Hubbard/Birchler’s Giant, at 30 minutes, shifts between clips of documentary and narrative film. We see footage of Hubbard making sound recordings in Ryan, Texas, around the remains of Reata, the ruinous set of the Victorian mansion from the 1956 epic Hollywood film of the same name, which starred Elizabeth Taylor, Rock Hudson, and James Dean. Hubbard/Birchler’s Giant smoothly moves between documentary images of Reata’s remains in the twenty-first century and close-up shots of an old Underwood typewriter in action at the fingertips of an actress playing the role of a Warner Brothers secretary in February 1955.
Her faceless boss hovers over her. Pristinely dressed, quaffed, and maquillaged, she translates notes in shorthand to contracts addressed to landowners in the area, whose property will be used as sets for Hollywood’s Giant. One sentence reads, “[T]hese sets are to be held intact.” The nesting of memory overlaps with the nesting of filmmaking as viewers see shots of Birchler filming sound recordist Diane Zander Mason with her microphone under the creaking remains of the old set.

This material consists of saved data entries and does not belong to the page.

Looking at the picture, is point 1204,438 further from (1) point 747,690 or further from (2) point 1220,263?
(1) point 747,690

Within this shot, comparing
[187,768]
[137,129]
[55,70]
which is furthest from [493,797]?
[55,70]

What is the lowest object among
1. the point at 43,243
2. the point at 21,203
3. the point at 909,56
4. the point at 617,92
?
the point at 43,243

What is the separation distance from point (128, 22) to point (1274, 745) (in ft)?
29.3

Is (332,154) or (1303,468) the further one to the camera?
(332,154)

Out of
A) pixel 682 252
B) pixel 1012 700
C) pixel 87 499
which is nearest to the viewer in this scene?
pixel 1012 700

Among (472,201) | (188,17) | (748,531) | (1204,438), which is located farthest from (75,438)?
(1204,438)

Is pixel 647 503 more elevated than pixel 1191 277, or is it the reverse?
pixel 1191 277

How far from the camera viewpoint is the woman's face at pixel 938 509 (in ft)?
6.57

In this layering, 1950s-era gendered stratification meets the 1920s recursive film tactics of Dziga Vertov, making a tour de force of time folding and travel.
The film trilogy is the powerful centerpiece of the show at the Blaffer Museum, showcasing the singular talents of these artists. Photographs of the bowdlerized VHS tape of Wenders’ Paris, Texas and a sculpture-installation of a lamppost bearing a flier for a lost cat named “True Foe” (a wink-wink, nudge-nudge reference to French New Waver François Truffaut) located in the courtyard are fun but ultimately ancillary. Hubbard/Birchler’s memorable films turn the contrivance of cinematic reality on its head, exposing the myths of myth-making and the complex contradictions undergirding them.
Teresa Hubbard / Alexander Birchler: Sound Speed Marker continues at the Blaffer Art Museum (4173 Elgin St, University of Houston, Houston, Texas) through September 5.